A workshop by Teva, Collaborative Excellence: Transforming Organizational Development through HR and Training Synergy, highlighted our first strategic imperative.  It was an instructive case study, showcasing the significant positive impact that collaboration between HR and Training had at Teva. Teva’s transformation story began with a familiar challenge: HR and Training operated as separate functions, budgets were siloed with Training rather than HR, and their global operations remained fragmented. Their objective was clear—evaluate commercial sales resources to identify opportunities for reuse across other functions globally while driving increased efficiencies and shared funding.

The breakthrough came when they recognized that “multiple functions across Commercial, Medical, and Access wanted to deploy an AM model using different vendors.” Rather than solving this with better vendor management or technology standardization alone, they addressed the underlying coordination challenge by creating a critical human bridge: the Talent Management liaison role.

The Human Element That Made the Technology Work: This liaison role became the linchpin of their transformation—creating career opportunities for both HR and training through cross-functional exposure while acting as the communication bridge between functions. The liaison sends out “The Talent Management Minute” newsletter, coordinates leadership course opportunities, and ensures that learning content developed by one function gets adapted and deployed across others.

But Technology Implementation Was Equally Crucial: Teva deployed a talent marketplace platform that enables employees to find development opportunities across the organization. Simultaneously, they’re leveraging AI to analyze talent reviews, providing insights that human reviewers alone couldn’t generate at scale. Their AI initiatives include both external partnerships and plans to bring capabilities in-house, with dedicated HR analytics resources feeding all reviews into systems that provide AI-powered growth feedback.

This human-centered approach to organizational integration, supported by sophisticated technology platforms, enabled their broader technology investments to flourish while creating the “one-stop shop L&D website” that consolidates all resources into a single access point.

The Salience Learning Perspective: The most successful life sciences companies aren’t choosing between organizational design and technology investment—they’re recognizing that sustainable change requires both dedicated human advocates who can navigate organizational complexity AND robust technology platforms that can deliver personalized, scalable solutions. Teva’s success came from combining human champions with powerful tools like talent marketplace and AI analytics to ensure technology serves learning and professional development outcomes rather than creating additional complexity.

Research in change management shows that technology adoption fails most often due to organizational misalignment, not technical limitations.
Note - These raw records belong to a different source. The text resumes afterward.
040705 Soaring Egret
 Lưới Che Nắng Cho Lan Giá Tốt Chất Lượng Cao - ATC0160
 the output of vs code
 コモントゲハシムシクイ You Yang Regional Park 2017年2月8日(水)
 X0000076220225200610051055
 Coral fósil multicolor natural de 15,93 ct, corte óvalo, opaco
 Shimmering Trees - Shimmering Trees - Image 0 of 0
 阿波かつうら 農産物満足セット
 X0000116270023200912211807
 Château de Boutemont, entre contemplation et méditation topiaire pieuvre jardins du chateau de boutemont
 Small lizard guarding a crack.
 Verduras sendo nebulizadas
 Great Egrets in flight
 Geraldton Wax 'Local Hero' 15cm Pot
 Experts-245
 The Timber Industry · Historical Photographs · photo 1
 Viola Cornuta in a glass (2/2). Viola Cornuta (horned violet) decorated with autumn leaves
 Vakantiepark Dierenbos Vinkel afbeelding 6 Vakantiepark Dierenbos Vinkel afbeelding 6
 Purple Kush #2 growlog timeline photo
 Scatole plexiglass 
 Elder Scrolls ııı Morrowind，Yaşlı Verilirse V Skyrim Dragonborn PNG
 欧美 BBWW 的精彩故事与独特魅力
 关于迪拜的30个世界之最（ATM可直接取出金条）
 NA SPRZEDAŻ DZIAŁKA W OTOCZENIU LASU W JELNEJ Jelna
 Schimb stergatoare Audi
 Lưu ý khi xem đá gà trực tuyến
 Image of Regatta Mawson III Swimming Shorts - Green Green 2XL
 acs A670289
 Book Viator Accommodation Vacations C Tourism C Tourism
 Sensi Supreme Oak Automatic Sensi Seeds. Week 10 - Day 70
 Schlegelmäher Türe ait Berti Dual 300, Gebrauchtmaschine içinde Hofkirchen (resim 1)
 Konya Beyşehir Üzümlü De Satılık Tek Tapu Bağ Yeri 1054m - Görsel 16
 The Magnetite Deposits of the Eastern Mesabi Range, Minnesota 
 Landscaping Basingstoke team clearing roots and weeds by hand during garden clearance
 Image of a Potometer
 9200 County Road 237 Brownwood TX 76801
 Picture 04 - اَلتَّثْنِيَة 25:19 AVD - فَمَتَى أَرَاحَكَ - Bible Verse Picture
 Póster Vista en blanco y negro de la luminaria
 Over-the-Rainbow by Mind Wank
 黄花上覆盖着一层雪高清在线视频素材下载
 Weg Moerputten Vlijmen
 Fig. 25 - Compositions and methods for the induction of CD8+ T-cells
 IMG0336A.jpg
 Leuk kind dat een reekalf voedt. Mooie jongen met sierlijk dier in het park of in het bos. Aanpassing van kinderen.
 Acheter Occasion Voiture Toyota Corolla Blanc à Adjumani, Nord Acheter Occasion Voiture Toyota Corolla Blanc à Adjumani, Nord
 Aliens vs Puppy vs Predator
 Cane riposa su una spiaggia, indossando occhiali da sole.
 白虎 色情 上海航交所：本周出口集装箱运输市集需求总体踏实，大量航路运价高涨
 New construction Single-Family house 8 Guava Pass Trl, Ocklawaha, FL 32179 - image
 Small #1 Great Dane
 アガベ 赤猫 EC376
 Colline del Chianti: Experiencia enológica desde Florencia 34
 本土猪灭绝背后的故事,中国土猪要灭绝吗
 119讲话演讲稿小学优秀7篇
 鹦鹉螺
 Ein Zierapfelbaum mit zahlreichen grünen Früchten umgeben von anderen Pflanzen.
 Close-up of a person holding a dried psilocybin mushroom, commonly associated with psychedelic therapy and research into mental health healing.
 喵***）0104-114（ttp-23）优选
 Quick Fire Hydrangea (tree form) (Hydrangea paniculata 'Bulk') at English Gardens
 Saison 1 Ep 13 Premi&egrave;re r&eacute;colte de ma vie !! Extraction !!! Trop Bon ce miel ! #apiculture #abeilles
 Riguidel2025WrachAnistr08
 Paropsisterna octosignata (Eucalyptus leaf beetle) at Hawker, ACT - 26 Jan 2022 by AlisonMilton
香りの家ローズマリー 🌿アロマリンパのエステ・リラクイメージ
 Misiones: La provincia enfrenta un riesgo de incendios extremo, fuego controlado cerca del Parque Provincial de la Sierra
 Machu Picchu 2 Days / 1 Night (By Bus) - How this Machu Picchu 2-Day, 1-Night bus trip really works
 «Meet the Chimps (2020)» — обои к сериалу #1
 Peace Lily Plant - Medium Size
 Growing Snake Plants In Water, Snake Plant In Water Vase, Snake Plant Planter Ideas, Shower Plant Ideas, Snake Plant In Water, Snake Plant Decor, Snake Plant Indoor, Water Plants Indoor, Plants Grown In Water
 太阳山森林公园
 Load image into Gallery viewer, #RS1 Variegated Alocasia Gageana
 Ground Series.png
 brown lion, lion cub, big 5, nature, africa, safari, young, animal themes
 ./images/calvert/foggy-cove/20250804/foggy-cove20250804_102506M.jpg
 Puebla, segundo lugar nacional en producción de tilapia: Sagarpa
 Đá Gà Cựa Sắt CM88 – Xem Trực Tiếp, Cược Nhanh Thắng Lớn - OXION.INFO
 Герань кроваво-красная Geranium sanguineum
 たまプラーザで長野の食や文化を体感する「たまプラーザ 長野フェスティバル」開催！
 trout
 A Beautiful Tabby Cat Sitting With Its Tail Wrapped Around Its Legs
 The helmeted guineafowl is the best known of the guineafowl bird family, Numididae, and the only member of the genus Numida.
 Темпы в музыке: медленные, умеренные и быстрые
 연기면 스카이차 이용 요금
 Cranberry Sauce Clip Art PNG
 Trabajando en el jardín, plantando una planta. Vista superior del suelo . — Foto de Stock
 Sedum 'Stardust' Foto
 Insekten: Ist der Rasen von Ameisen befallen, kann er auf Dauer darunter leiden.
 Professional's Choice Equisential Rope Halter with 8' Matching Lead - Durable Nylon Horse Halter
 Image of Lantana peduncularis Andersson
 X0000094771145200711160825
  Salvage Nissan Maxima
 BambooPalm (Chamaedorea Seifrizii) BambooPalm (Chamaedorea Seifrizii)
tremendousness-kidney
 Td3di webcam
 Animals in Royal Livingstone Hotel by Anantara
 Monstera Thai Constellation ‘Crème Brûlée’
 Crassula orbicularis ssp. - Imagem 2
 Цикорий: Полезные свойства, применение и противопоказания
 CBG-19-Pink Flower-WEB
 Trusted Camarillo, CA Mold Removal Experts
When Teva created shared accountability through their Talent Management liaison role and consolidated vendor relationships, they didn’t just save money—they created the human-centered organizational foundation that allowed their technology investments to deliver measurable impact across global operations.

2. The Microlearning Paradox: When Less Becomes Nothing

The microlearning session (Microlearning In and Out of the Flow of Work) raised an uncomfortable question that resonates beyond the conference walls: “Is microlearning really learning or simply targeted marketing messages?” The presenter’s provocative statement—”Marketing is microlearning”—forced a critical examination of what we’re actually delivering to learners.

The Uncomfortable Similarities: Both microlearning and marketing messages share striking characteristics: short, bite-sized content with compelling hooks designed to drive specific actions. Both rely on open rates and click-through analytics to measure success. Both use iterative deployment to continuously refine messaging. Both can be consumed passively without significant time commitment. And crucially, both can feel engaging without creating lasting change.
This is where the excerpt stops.